Please copy each line of the listing below precisely, excluding the images.

SUPPLIED INFORMATION ::
------------------------------------

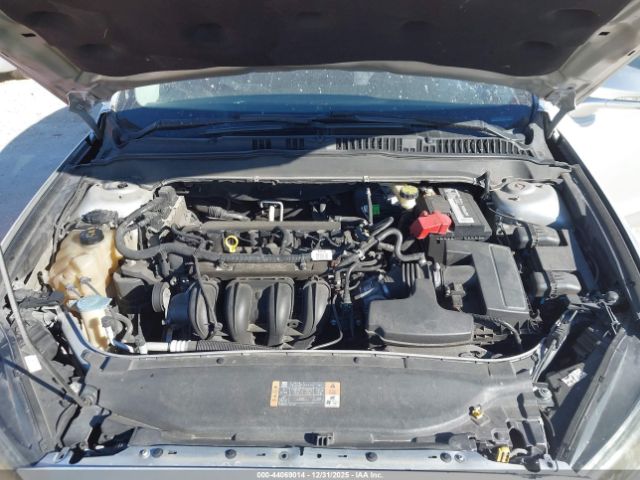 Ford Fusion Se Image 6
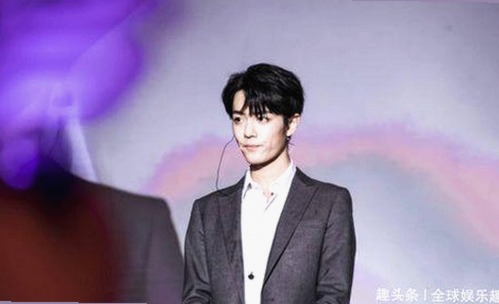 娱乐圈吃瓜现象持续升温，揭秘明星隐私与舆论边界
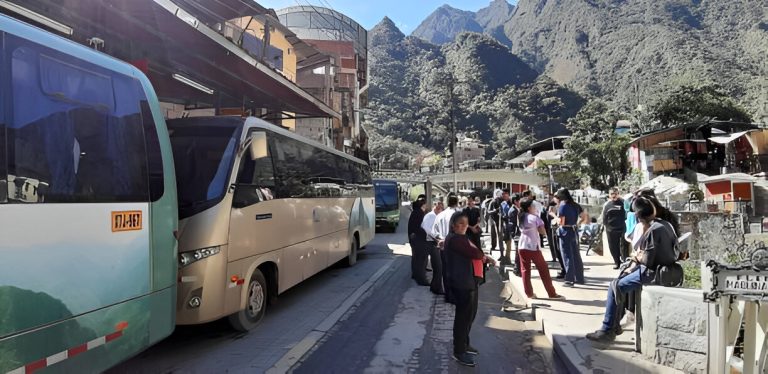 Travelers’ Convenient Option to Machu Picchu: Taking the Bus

------------------------------------

SOLVED PROBLEM ::
 Ford Fusion Se Image 6
 娱乐圈吃瓜现象持续升温，揭秘明星隐私与舆论边界
 Travelers’ Convenient Option to Machu Picchu: Taking the Bus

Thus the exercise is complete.